From left, Eric Heywood and Alejandro Escovedo onstage Sunday, May 18, 2019 at Artsplosure in Downtown Raleigh.

Alejandro Escovedo played in Raleigh Sunday to close out this year’s Artsplosure Festival, a show that had a few things working against it — wilting late-day heat, the not-great acoustics of loud music in outdoor spaces, weariness after an all-night drive down from New York and a pickup lineup not entirely familiar with all the songs in the setlist.

“We’re, uh, loose today,” Escovedo quipped at one point after a false start.

As usual, however, all he had to do was start singing and everything was all right.

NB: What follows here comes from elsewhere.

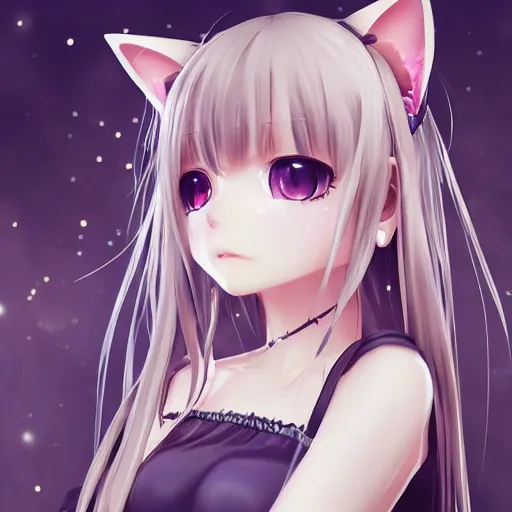 Image similar to nekopara fantastically detailed eyes cute cat girl dress portrait with fantastically detailed cat ears modern anime style, made by Laica chrose, Mina Petrovic, WLOP!!!!!!!!!!!! modern trending professional digital art unreal Engine 4k 8k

I’ve been going to see Escovedo shows since I was a University of Texas grad-school student in my early 20s, and he’s been maybe my biggest musical, personal and critical constant through three-plus decades. I’ve written about him all over and seen him more times than I can count — playing in nightclubs, theaters, restaurants and living rooms as well as the occasional street corner. And the next time one of his shows leaves me unmoved will be the first.

Al&Me

And that’s me, taking pictures. Photo by Billy Maupin.

I actually find him not terribly easy to write about, simply because my emotional response to his music tends to be along the lines of: If you get it, no explanation is necessary and if you don’t, none will suffice. While I have been, at best, an irregular church-goer as an adult, Escovedo shows are among the closest church-like rituals I have —  not in the sense of worship, but compass-setting. His voice and songs resonate on my particular wavelength more than just about anyone else, and going to one of his shows always feels like bumping into my younger self.

Given the abbreviated outdoor street-festival setting, this wasn’t the full-on epic that Escovedo’s late-night shows can be. But over the course of an hour and 13 songs, most of them recent and focused on his latest album The Crossing, he evoked the journey we’re all taking, and rocked it up.

Not surprisingly, a lot of the newer songs were angry — and how could they not be, given Escovedo’s immigrant roots and what a hot-button issue the U.S. Southern border is nowadays? Songs from The Crossing blazed, especially “Fury and Fire” (written, Escovedo said, in response to Donald Trump’s race-baiting 2015 presidential-candidacy announcement) and the snarling “Teenage Luggage” chorus of, “You think you know me/You’ll never know me/You’re a bigot with a bad guitar.”

But I found myself responding more to “Always a Friend,” and the more personal, upbeat songs. There’s always one moment at an Escovedo show where everything in my world feels like it snaps into place, and this time it was the oldie “Castanets.” A smoking rocker with a Chuck Berry-style guitar riff for the ages, “Castanets” was recorded close to two decades ago right here in North Carolina — produced by Chris Stamey, with Mitch Easter on lead guitar. Eric Heywood ably played it this time, and it was spectacular as always.

The melding of North Carolina and Texas felt like a personal bonus, for those who knew.